1971’den bu yana 32 sinema filminde oynamışsınız. 1990 yılında bıçak gibi kesilmiş sinema maceranız. Neden?
- Sinema zor günlere girmişti. Ama iyi anılarla ayrıldım. Pek çok filmim gişe rekorları kırdı. 1979’da, TRT’de ilk kez bir filmim oynamıştı. Malum, o yıllarda yasaklıyız. TRT’ye beş-altı senede bir çıkarıyorlar.
Yılbaşı gecelerinde...
- Evet, bazen de bayram günlerinde. Hülya Koçyiğit’le yaptığımız "Bir Araya Gelemeyiz" adlı film, TRT’de oynayan ilk filmimdir. O gece, Türkiye’de sokaklar bomboştu. Dünya çapında plak satışlarımız var. Çok ender olayları yaşamış ve yaşatmış bir kişiyiz.
Sahneye neden çıkmadığınız sorusu pek çok kez soruldu. Hatta bir ara "Gencebay’ın sesi sahneye yetmiyor" diye bir şehir efsanesi vardı.
- Ben sazımı çalıp bestemi yapmayı, müziğin felsefesini düşünmeyi, yorumculuktan daha önde tutarım. Müzikle hiç ilgisi olmayan birileri altı ay çalışıp assolist olacak, bizim sesimiz yetmeyecek. Bu, kulağa komik gelmiyor mu?
"Popstar Alaturka"ya gelirsek... Yeni sezonda jüri üyeliğine devam edecek misiniz?
- Dostlar devam etmem kanaatinde... Bu kadar istek varsa, devam diye düşünebiliriz.
Önceleri Orhan Baba’yı yakıştıramadılar o programa...
- O eleştiriler, beni korumak isteyenlerden gelmişti. Ben de iğreti duruyordum başlarda. "Benim burada ne işim var" diye düşünüyordum. Fakat sonra bambaşka bir yere vardık. Annem bile seyrediyor.
Anneniz?
- Annem Samsun’da... 91 yaşında ama kulakları duymuyor. Onun ablası, teyzem de Samsun’da. O, 94 yaşında. Onun da gözleri görmüyor. Birlikte seyrediyorlar.

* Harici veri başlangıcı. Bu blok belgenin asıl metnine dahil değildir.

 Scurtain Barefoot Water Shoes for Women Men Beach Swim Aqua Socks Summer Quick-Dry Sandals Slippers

Birbirlerini tamamlıyorlar...
- Biri gördüğünü ona anlatıyor, diğeri duyduğunu... Kafkasya’dan geldikleri için uzun ömürlü oluyorlar.
Allah uzun ömür versin...
- Aslında çocuklarımıza versin, onların daha çok görecekleri var. Küçük oğlum koluna bir dövme yaptırmış. Sonra göbeğine yaptırdı. Bununla bitecek zannettik. şimdi takmış, "Batsın Bu Dünya" yazdıracakmış koluna. "Batsın bu dünya kavramını anlayan kişi aşmıştır" diyor. Kendisi rock’çı... Arkadaşları da öyle. Dünyaya çok geniş bakıyorlar, felsefeleri çok farklı bu hergelelerin. Geçen gün "Oğlum, anarşi olmadan gelişme olmaz" dedim ona.
Siz anarşist misiniz?
- Ben de anarşistim ama terörist değilim. Karıştırmasın bu iki kavramı kimse. "Batsın bu dünya" bir anarşist cümlesidir. Hem trendir hem duraktır. Biz dünya için, barış için, "Bunu batırıp yerine yenisini koyalım" dedik.

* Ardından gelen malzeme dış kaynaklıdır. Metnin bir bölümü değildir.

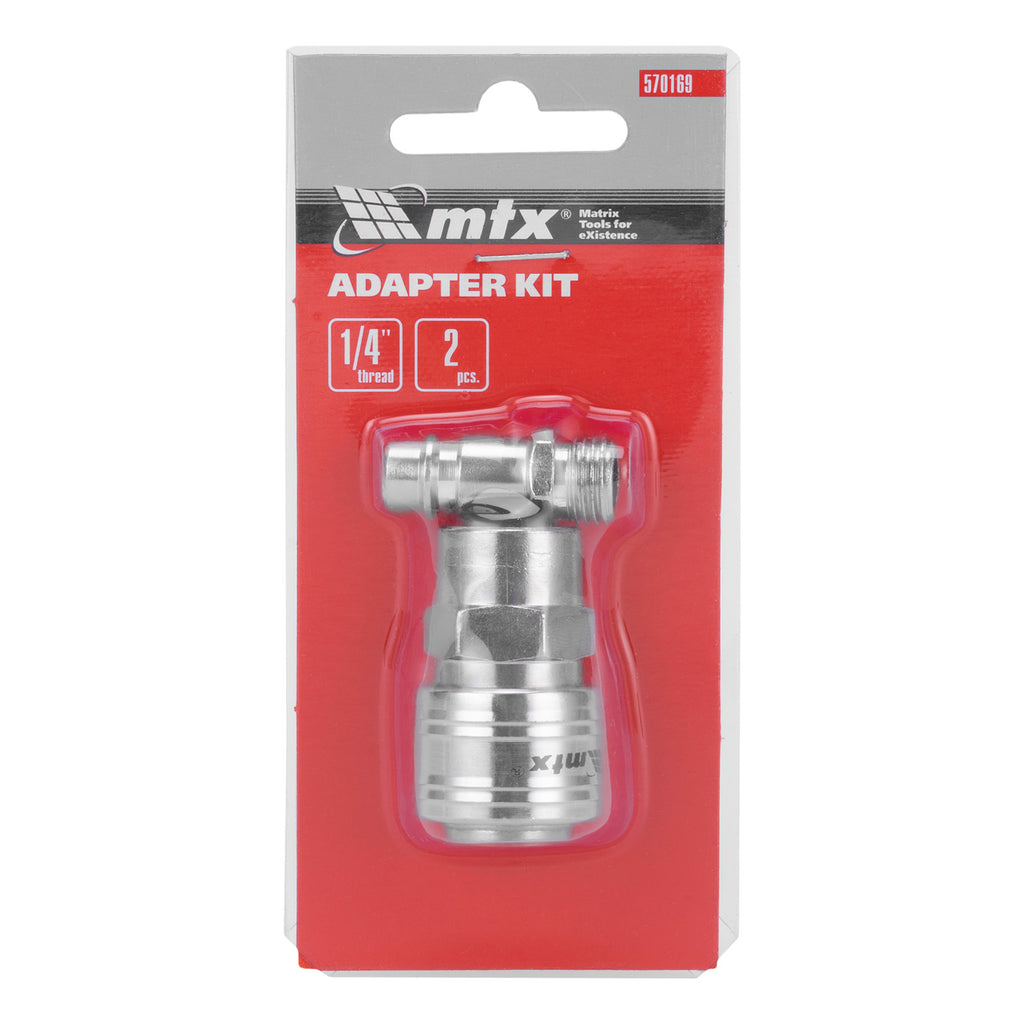 К-т преходници, с бързи връзки, 2 бр., резба 1/4" MTX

Yani yıkıp yeniden yapmaktan söz ediyorsunuz?
- Evet, ama daha iyi, daha mutlu olmak için.
Öfkelenirsem ölmek vız gelir- Hiç öfkelenmez misiniz siz?

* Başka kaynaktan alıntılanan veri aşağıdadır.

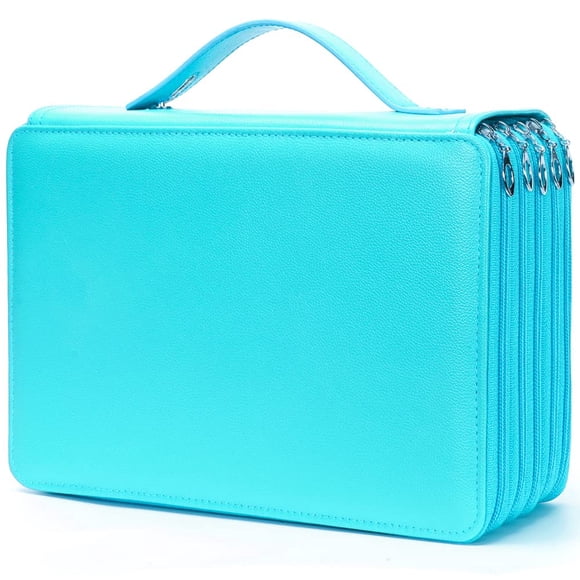 Estuche para lápices Vomgomfom, 252 ranuras, piel sintética, para lápices de colores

Kendisiyle barışık insanlar kolay öfkelenmez. Öfke doğal bir davranış; ama ben bunu yenmeyi bilirim. Hayatımda birkaç defa öfkelendim. Çok büyük olaylar yaşayabilirdim.
- Yani kavga olabilirdi.
Ben öfkelenmem. Öfkelendiğim zaman da...
- Öldürürüm diyorsunuz.
Ölmek de vız gelir. Oraya vardıysa iş, yapacak şey yok. Orası en son noktadır.